The situation here is that in the realm of conditional sentencing, the government has put forward a bill that is very wide in scope. There is still the power with the parliamentarians working in the committee, and after listening to the experts in the field, to narrow the scope of the bill.

I believe that given our former bill on the same subject and the communiqué from the meeting of the federal, provincial and territorial ministers of justice, this is a valid area for some change in the law. There may be some differing opinions. I would be happy to receive those opinions. Those who are most knowledgeable should submit the names of their organizations to the clerk of the justice committee so that we can hear the voices of those for and those against the bill.

It is time to do evidence based law. We should not play politics with the Criminal Code of Canada. It is too important. There is no one party that is the law and order party. We all want safe communities. We all want justice to be fair, but we also want it to be effective.

Bill C-9 amends section 742.1 of the Criminal Code to prohibit the use of conditional sentences for offences under the Criminal Code and the Controlled Drugs and Substances Act and other federal statutes punishable by a maximum sentence of 10 years or more for those that are prosecuted by indictment. It seems to be a simple, and I stress simple, way to go about doing business.

To give context to this particular legislative approach, if this had been in effect in 2003-04, approximately one-third of those who received a conditional sentence would not have been eligible. The judge's discretion would have been removed to provide this tool. We would have been paying for the incarceration of approximately 5,480 additional people in this land.

Some offences which fall under the scope of this bill are hybrid in nature. This means that the crown can go either by indictment, or if it is a lesser offence, the crown can choose the summary aspect of the bill and go lower. My personal concern is that there will be those cases that fall in between where the conditional sentence was the most appropriate sentencing tool because it would have been a more complete sentence for reasons I will explain later.
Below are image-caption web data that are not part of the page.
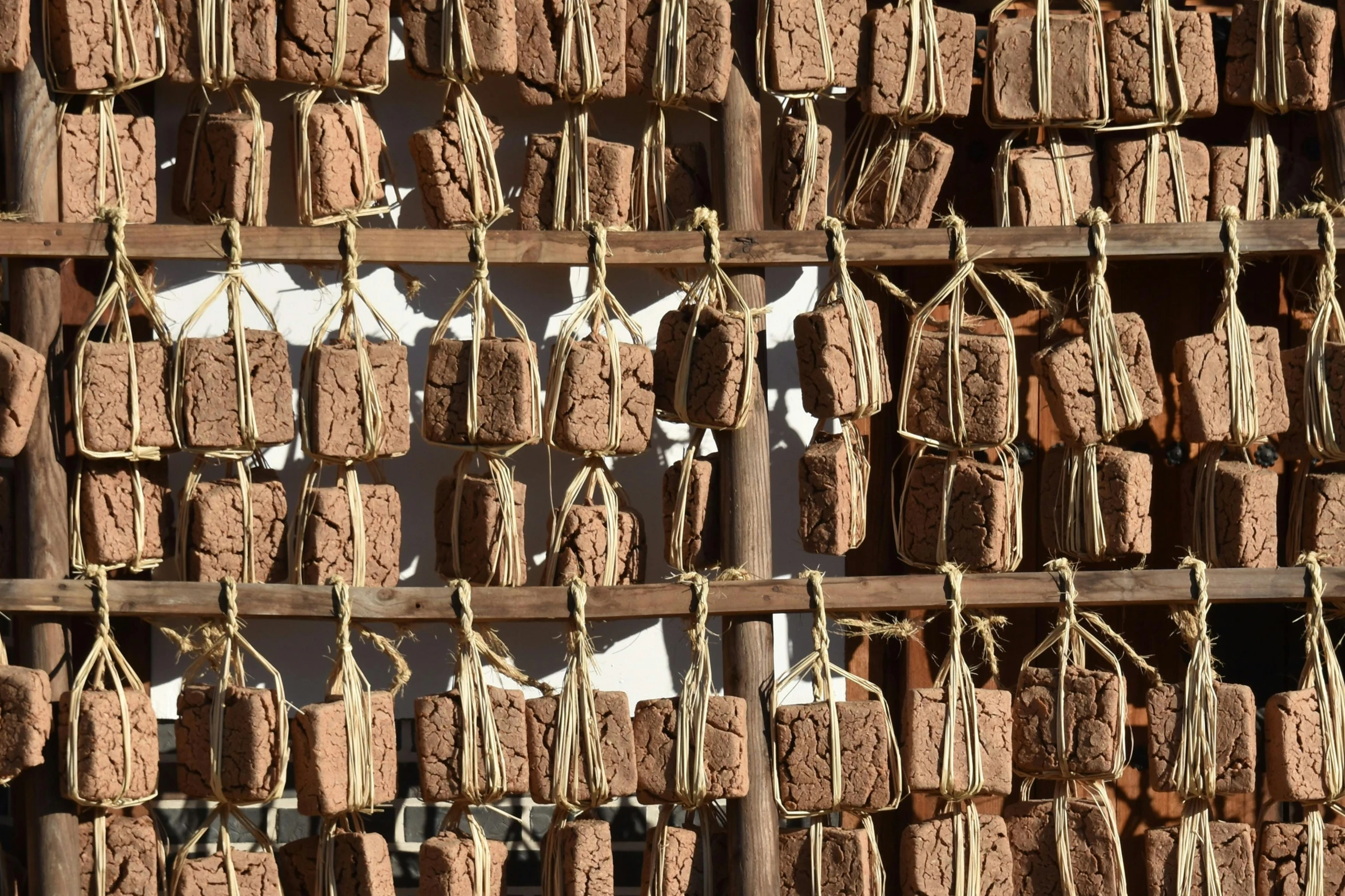 a wall with many bundles of wood hanging on it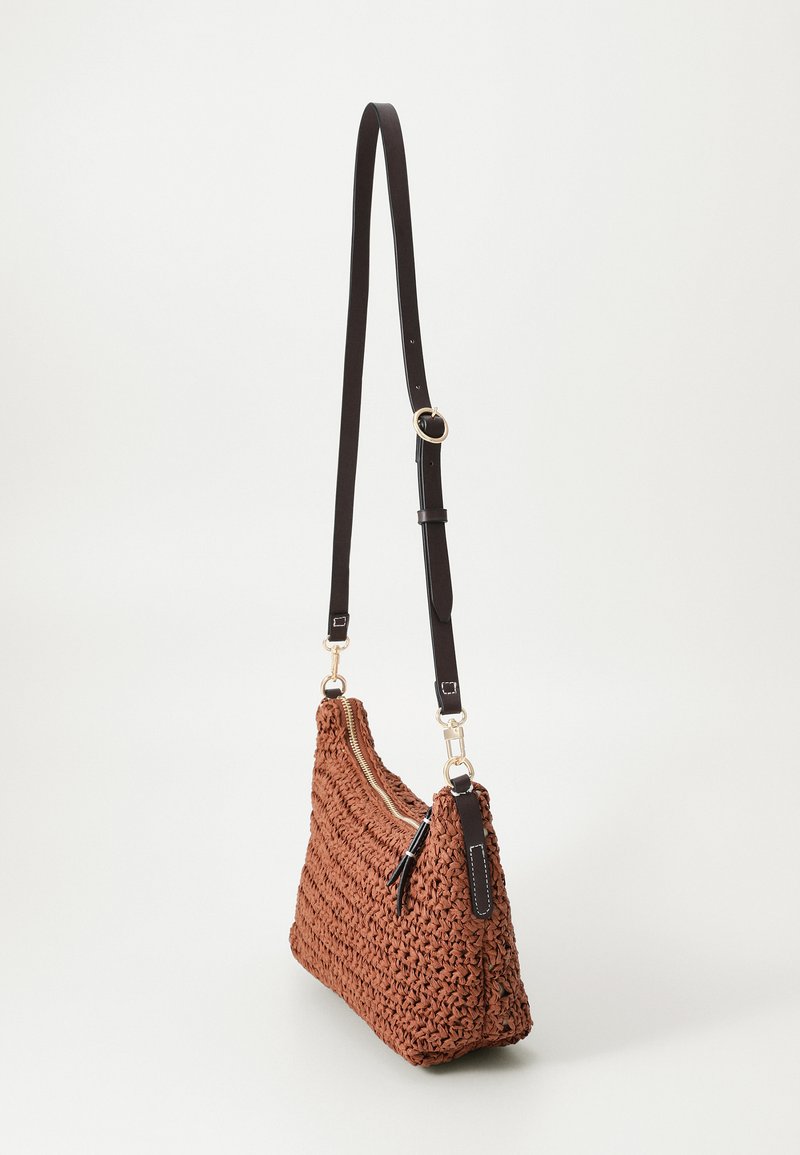 Bolso de mano de color marrón tejido con una textura desigual, diseño delgado, cremallera dorada y una correa ajustable de color marrón oscuro unida a herrajes dorados.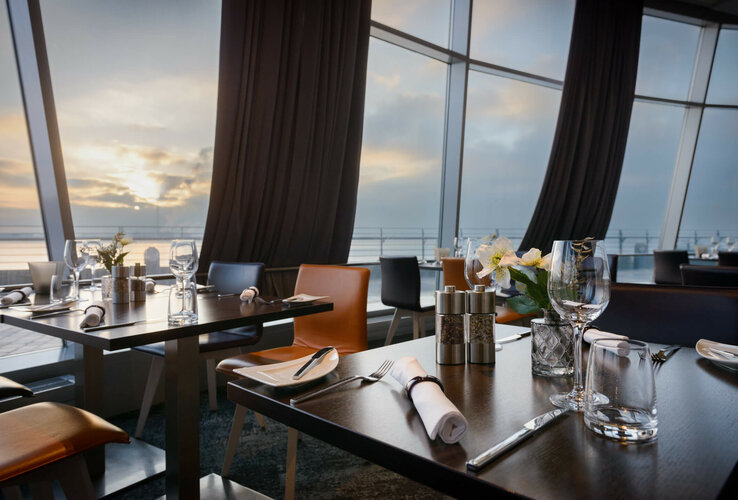 Modern restaurant with set tables, large windows and a view of the sunset over the water in the ATLANTIC Hotel.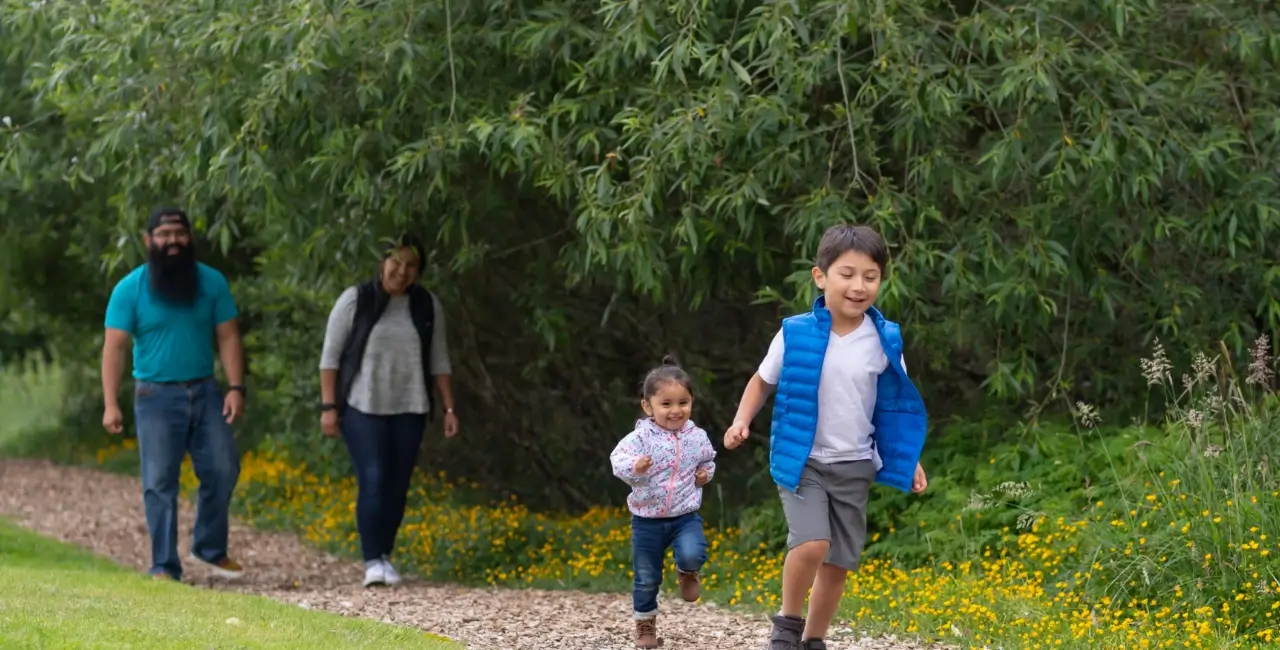 mother and father with young daughter and son running down a path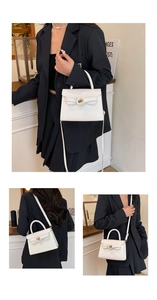 Detailed view of white leather handbag featuring a secure metallic twist-lock closure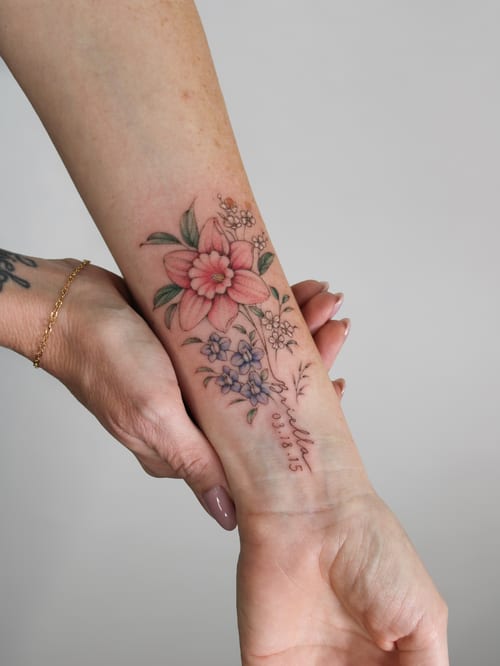 A delicate floral bouquet tattoo on the forearm with fine line details, featuring colorful flowers and a name with a date — by Melanie Benoit, los angeles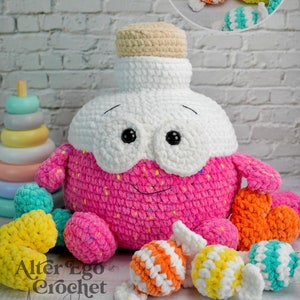 May include: A crocheted pink and white bottle shaped amigurumi toy with a smiling face. The toy is surrounded by smaller crocheted candy-shaped toys in various colors, including orange, yellow, and teal. The text "Alter Ego Crochet Amigurumi Designer" is visible in the bottom left corner of the image.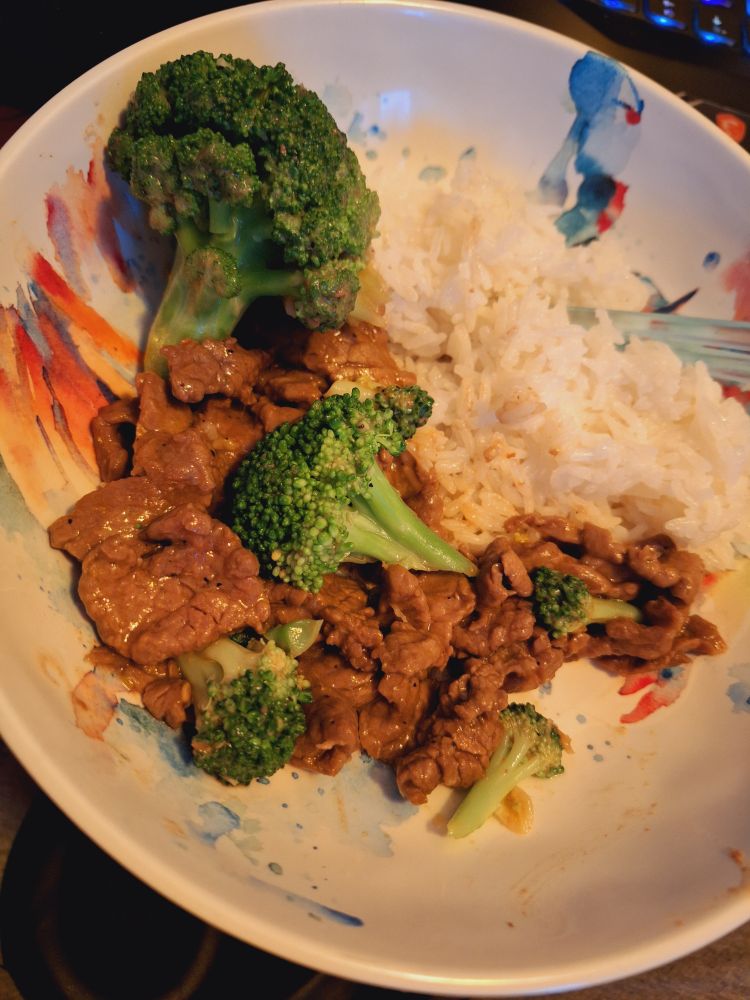 a bowl of beef and broccoli with a side of jasmine rice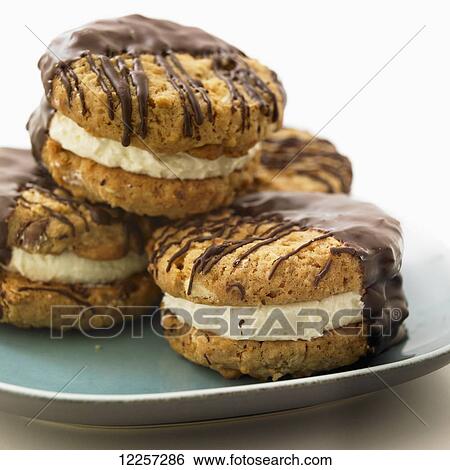 Stock Photograph - Four chocolate dipped sandwich cookies stacked on a teal plate; Victoria, British Columbia, Canada. Fotosearch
In fairness, it should also be noted that the courts would still have the option to use probation orders for the offences barred from receiving a conditional sentence of imprisonment where it was felt that the circumstances warranted it. This in reality still limits the sentencing judge's options.

Think of the case of a welfare fraud parent, who I am told by defence counsel is usually a woman. She would more likely end up in jail where before, a conditional sentence would often be used. The situation would likely escalate into child welfare and social services becoming involved because the children has been left without a parent to support and care for them.

I think we have to understand the reality of what could potentially occur if the non-violent crimes are included within the scope of this bill. A judge already has to think about whether there is a safety issue for the community. There is already a process for a judge to go through in imposing the conditional sentences.

These are the people who do not read the newspapers about the cases. These are the people who have to make decisions in that courtroom. They listen to the evidence that is brought forth properly, listen to the parties, both the prosecution and the defence, hear all the information, hear all the facts of the case, and then use their judgment. They are judges. We pay them to judge. We do not give them strict guidelines, so they have no authority to go outside of the strictness of controls.

Obviously, the government should justify and explain to Canadians the reasons for including so many more offences that would not qualify for the conditional sentence option. The government seems to be prepared to fill more prison cells and take this sentencing option from the judge who hears the case, as I have said, and the specific facts and circumstances.

The question to be answered is, which offences should be included in this bill and get passed, and which should be excluded, and let us hear the reasons why and why not? We have not heard a lot of explanations. We have heard a lot of rhetoric, but we have not heard any explanation or information or evidence-based material other than that this has been requested by some associations. A lot of people want a lot of things. They generally do not get it unless they can prove there is a real need and there are good reasons for this approach over some other approach.

Obviously, and I give the government credit for this, it has backed down somewhat by not abolishing conditional sentencing completely and the government, therefore, has acknowledged that there is a role for conditional sentences in the Canadian legal system.

In almost all the cases, the conditional sentence orders contain restrictive conditions of house arrest and/or curfew, often both; often community service; mandatory treatment and counselling; and often other conditions are tailored into the sentence and can be very effective in preventing repeat offences while still having the person exist safely inside the community with the deterrence of having the house arrest, et cetera. It is not about being hard or soft on crime. It is about a sense of effective, just sentencing in Canada for those who go outside our law.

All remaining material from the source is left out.